J'écris rarement de critiques de films, mais là franchement...
La première partie, avant les "Hunger Games", m'a mis extrêmement mal à l'aise : les habitants du District 12 sont présentés comme des braves gens, mais on se demande où est passée leur humanité quand personne ne daigne s'indigner et s'interroger sur ce système absurde. L'idée de base du scénario/roman - envoyer 24 jeunes gens se battent jusqu'à la mort dans une arène crée de toute pièce - est bonne mais il manque une mise en contexte et une éthique pour nous faire avaler ça.

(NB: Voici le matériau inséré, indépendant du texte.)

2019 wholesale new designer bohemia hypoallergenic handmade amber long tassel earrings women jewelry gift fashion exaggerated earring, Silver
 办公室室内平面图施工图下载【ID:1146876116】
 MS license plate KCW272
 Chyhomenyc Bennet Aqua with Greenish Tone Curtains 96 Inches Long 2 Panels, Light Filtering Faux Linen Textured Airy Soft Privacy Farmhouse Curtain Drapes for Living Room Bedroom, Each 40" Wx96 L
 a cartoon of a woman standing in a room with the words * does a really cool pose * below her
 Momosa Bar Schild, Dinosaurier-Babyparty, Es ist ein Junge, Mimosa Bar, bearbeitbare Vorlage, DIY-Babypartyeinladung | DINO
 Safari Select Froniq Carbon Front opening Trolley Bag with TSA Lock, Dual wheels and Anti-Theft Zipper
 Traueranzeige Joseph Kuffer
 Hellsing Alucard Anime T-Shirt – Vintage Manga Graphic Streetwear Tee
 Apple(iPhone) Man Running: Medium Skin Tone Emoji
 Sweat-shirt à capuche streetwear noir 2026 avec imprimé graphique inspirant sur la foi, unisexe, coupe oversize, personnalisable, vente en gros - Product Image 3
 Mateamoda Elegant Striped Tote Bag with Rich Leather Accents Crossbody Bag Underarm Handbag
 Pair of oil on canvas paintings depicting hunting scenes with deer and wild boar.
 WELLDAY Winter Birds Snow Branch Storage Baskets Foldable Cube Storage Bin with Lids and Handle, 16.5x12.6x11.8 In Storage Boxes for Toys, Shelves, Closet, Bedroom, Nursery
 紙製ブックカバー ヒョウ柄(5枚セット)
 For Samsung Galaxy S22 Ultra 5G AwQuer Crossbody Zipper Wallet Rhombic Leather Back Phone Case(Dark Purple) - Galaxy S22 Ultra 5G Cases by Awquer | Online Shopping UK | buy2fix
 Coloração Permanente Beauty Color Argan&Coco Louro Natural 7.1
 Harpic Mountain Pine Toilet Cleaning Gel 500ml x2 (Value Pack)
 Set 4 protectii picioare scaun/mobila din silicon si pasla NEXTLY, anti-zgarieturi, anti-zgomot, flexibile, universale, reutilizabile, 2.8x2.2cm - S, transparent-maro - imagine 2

Je n'ai pas lu les livres, mais il me semble que l'univers était un peu expliqué, qu'on en savait davantage sur les différents districts : ici, tout ce à quoi on a droit pour comprendre le rapport de castes façon "Meilleur des mondes", c'est le très mauvais goût des habitants du Capitole, qui fait vraiment mal à l'oeil. La dimension satyrique de la société est évacuée au profit d'une esthétique douteuse de l'outrance.
La partie "action" est très décevante, alternant chasse à l'homme et dialogues bateau, avec une caméra malhabile qui n'arrive pas à nous attacher à l'endroit et nous faire croire qu'il s'agit d'un univers passionnant. L'intrigue est bourrée d'incohérences, d'invraisemblances et d'arrivées "miraculeuses" de personnages ou d'obstacles qui nous laissent dubitatif. Le bestiaire est très pauvre. Les créatures à la fin sortent littéralement de nulle part, c'est un peu facile. La scène de combat initiale est très mal gérée, on n'y comprend rien, cela va trop vite.
Les personnages ne sont pas fouillés, on ne saura jamais vraiment qui est Katniss, quelles sont ses valeurs et sa relation amoureuse n'est pas du tout crédible. On ne comprend rien aux changement de personnalité brutaux, comme le coach alcoolique et pique-assiettes qui devient de bon conseil. Les personnages secondaires n'ont aucune personnalité, leur mort ne fait ni chaud ni froid. Les "méchants" sont sans saveur, survolés et stéréotypés.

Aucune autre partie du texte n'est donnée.